WHAT TO WORK ON
Return the whole listing exactly, omitting the pictures.

*** INPUT MATERIAL Section Begins ***

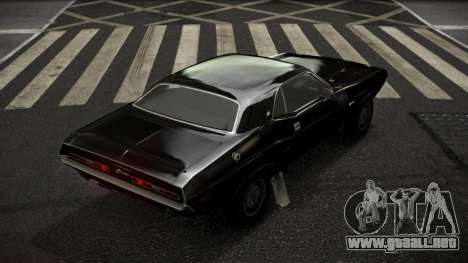 Dodge Challenger Elikyen S8 para GTA 4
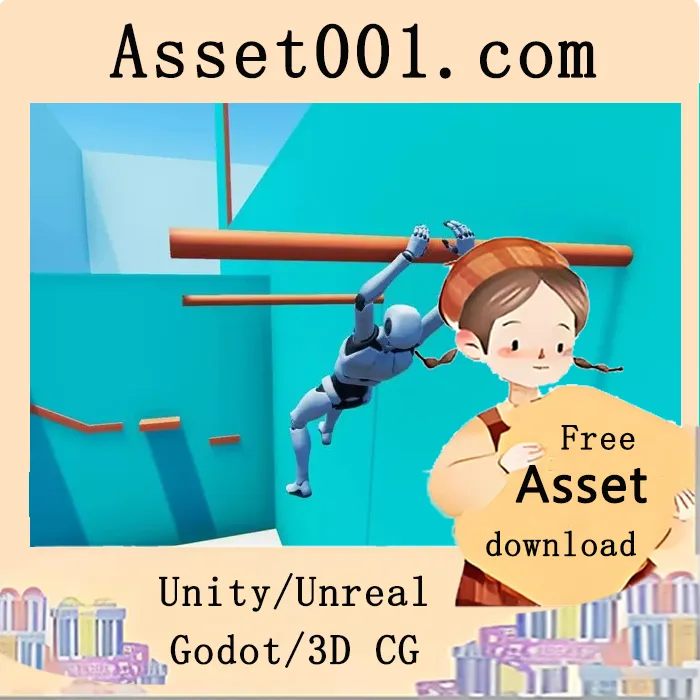 Unity第三方插件：第三人称攀爬与空翻系统v1.9.9|FS Parkour And Climbing System v1.9.9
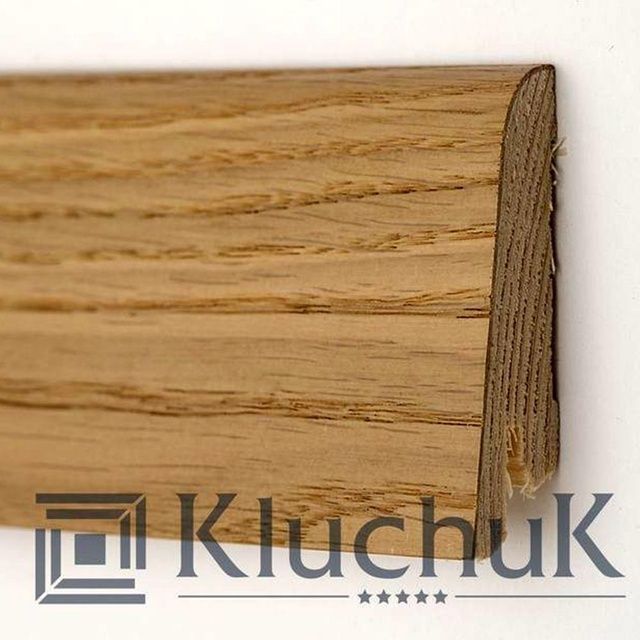 Плинтус Kluchuk Rustique Дуб Карамельный KLR60-06 (60х19мм)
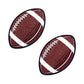 Pastease Premium Sparkly Football - Brown O/S - SEXYEONE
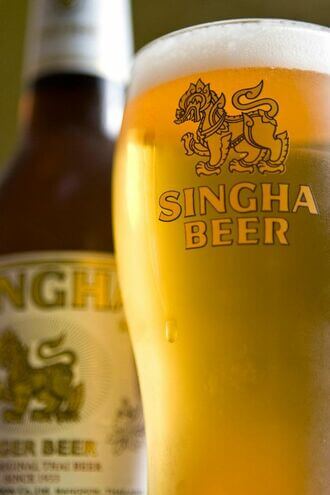 Пиво Singha
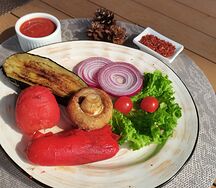 Шашлык из овощей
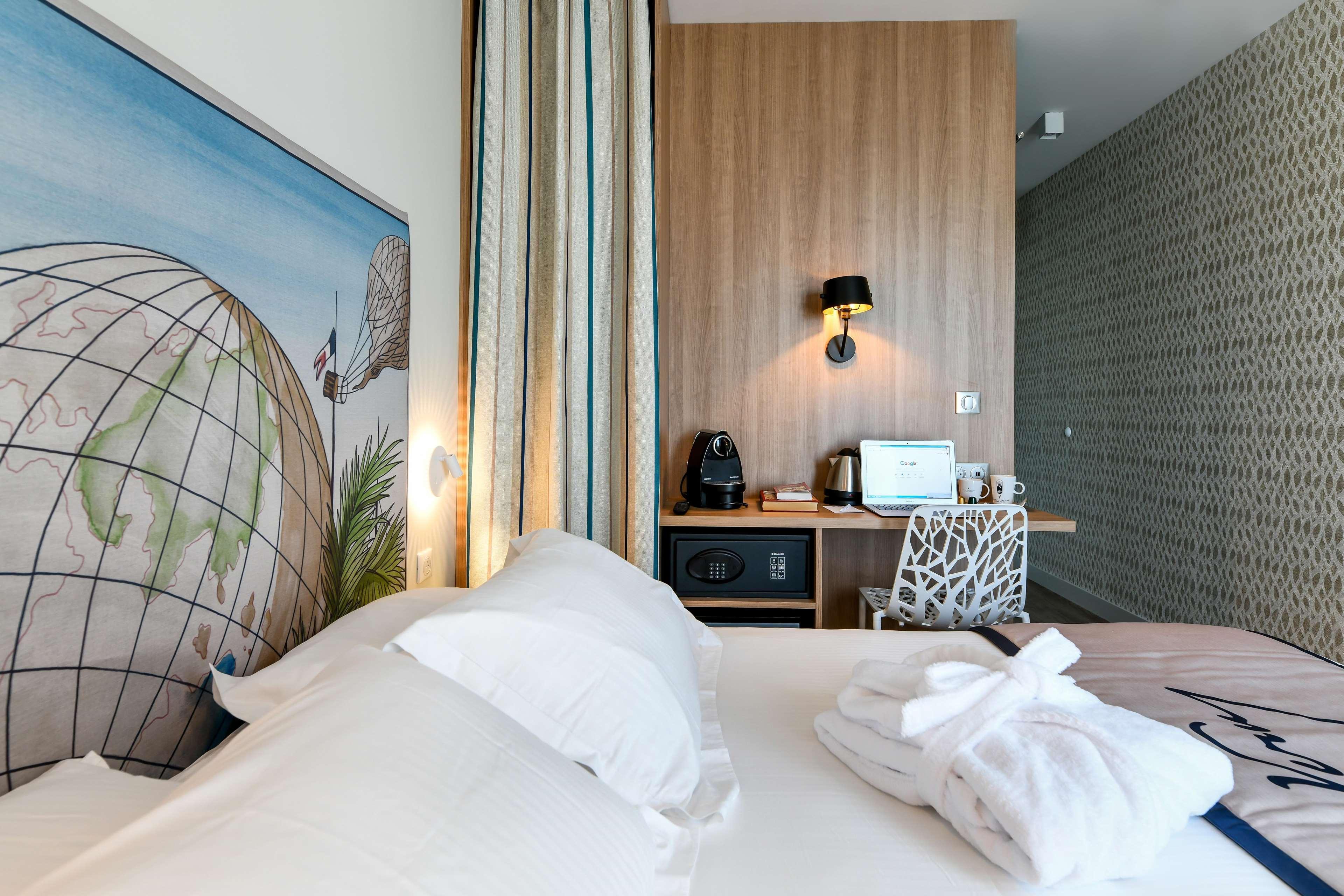 Hotel Jules Verne Biarritz Exterior foto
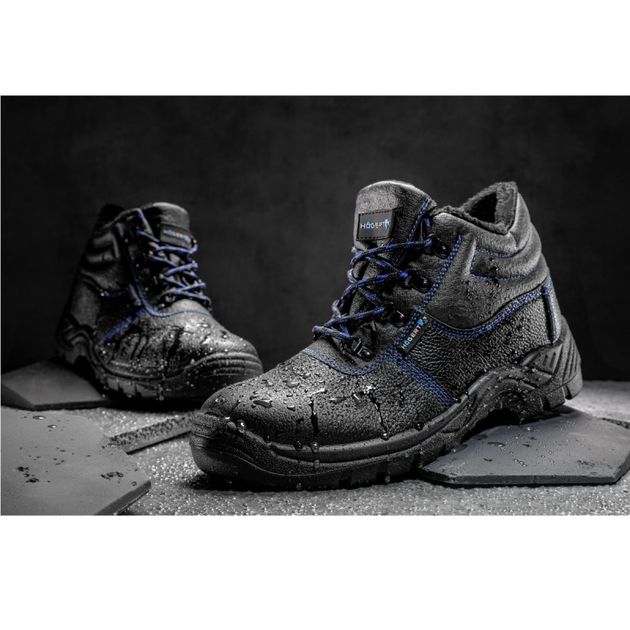 Ботинки рабочие HOEGERT MURITZ утепленные S3 SRC черные, фото , изображение 2 | SNABZHENIE.com.ua Ботинки рабочие HOEGERT MURITZ утепленные S3 SRC черные, фото , изображение 2 | SNABZHENIE.com.ua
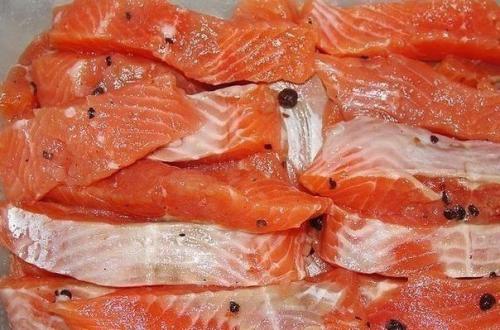 Солёная, маринованная, копчёная рыбка легко! 09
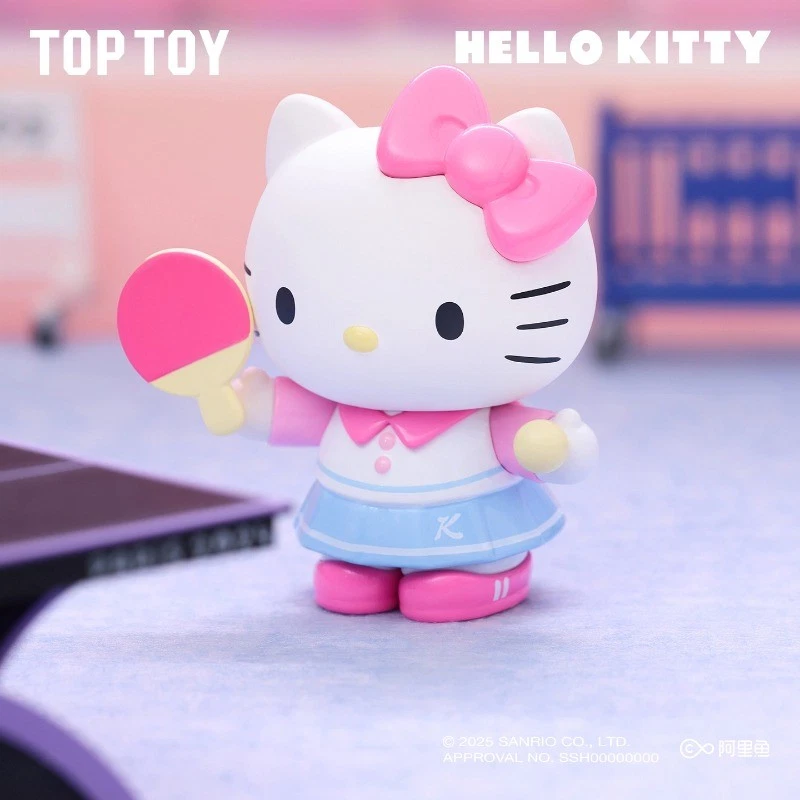 [TOPTOY] Sanrio 活力運動會系列 盲盒公仔 (英文版) | 包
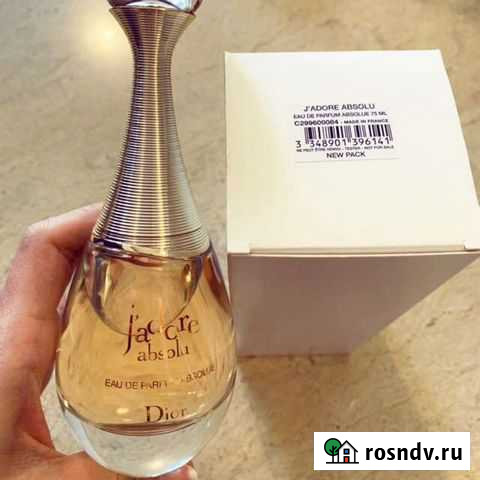 Духи Dior Jadore Labsolu tester 100ml Севастополь - изображение 1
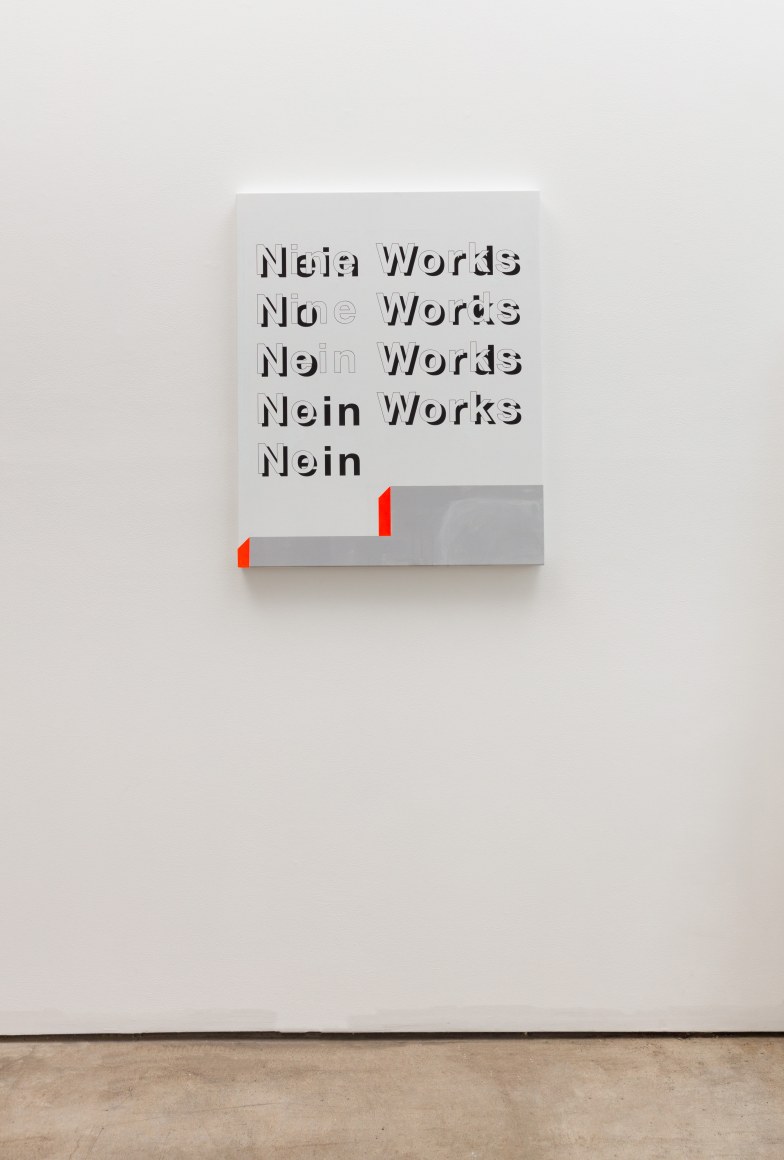 Johannes Wohnseifer, Nine Works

*** INPUT MATERIAL Section Ends ***

RESULT OF THE TASK
 Dodge Challenger Elikyen S8 para GTA 4
 Unity第三方插件：第三人称攀爬与空翻系统v1.9.9|FS Parkour And Climbing System v1.9.9
 Плинтус Kluchuk Rustique Дуб Карамельный KLR60-06 (60х19мм)
 Pastease Premium Sparkly Football - Brown O/S - SEXYEONE
 Пиво Singha
 Шашлык из овощей
 Hotel Jules Verne Biarritz Exterior foto
 Ботинки рабочие HOEGERT MURITZ утепленные S3 SRC черные, фото , изображение 2 | SNABZHENIE.com.ua Ботинки рабочие HOEGERT MURITZ утепленные S3 SRC черные, фото , изображение 2 | SNABZHENIE.com.ua
 Солёная, маринованная, копчёная рыбка легко! 09
 [TOPTOY] Sanrio 活力運動會系列 盲盒公仔 (英文版) | 包
 Духи Dior Jadore Labsolu tester 100ml Севастополь - изображение 1
 Johannes Wohnseifer, Nine Works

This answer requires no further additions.